Hibernateが5.6.5 Finalに変わりました。

  • R9.1.xまで DEPRECATION の WARNログが出力されることがありましたが、このログが抑制されます。
  • データベースの種類に "PostgreSQL 10 and later" を追加しました。内部では PostgreSQL10Dialectを利用します。
  • データベースの種類に "SQLServer 2016 and later" を追加しました。内部では SQLServer2016Dialectを利用します。
  • データベースに MySQL を利用している場合、日付時刻型が datetime から datetime(6) になります。ただし Wagby は日付時間型は秒までを扱い、ミリ秒以下は 0 としていたため、この変更による影響は生じません。これからもミリ秒精度の値が格納される変更は行いません。

Springについての補足

Wagbyアプリケーション

  • Spring framework 5.3 の標準では「サフィックスマッチ」機能は無効ですが、Wagbyは旧版との互換性維持のため URL の末尾に ".do" を付与しているため、サフィックスマッチを有効にしています。

Tomcat起動オプション

Java11以降の版で wagbyapp を起動したとき、Wagbyが内部で利用しているキャッシュライブラリ ehcache がログに "Failed to attach to VM and load the agent: class java.io.IOException: Can not attach to current VM" を出力します。

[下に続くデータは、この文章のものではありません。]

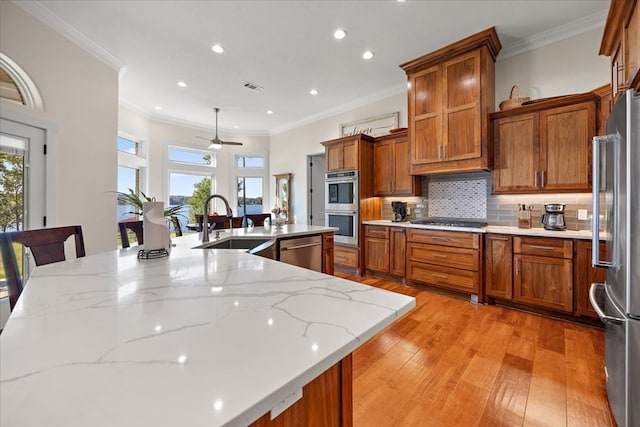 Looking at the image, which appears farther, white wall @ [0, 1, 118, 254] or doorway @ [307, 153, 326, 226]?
doorway @ [307, 153, 326, 226]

これは ehcache が内部で利用するサイズ計算モジュールの読み込みができなかったことを示すメッセージですが、この場合は別のモジュールが利用されるため動作に影響はありません。

このメッセージ出力を抑制したい場合は、Tomcat起動オプションに次を含めてください。

-Djdk.attach.allowAttachSelf=true
起動オプションへの追加設定
R9.2.1以降の初期リポジトリでは、この設定を標準で含めています。旧版からバージョンアップされた場合は手動で付与してください。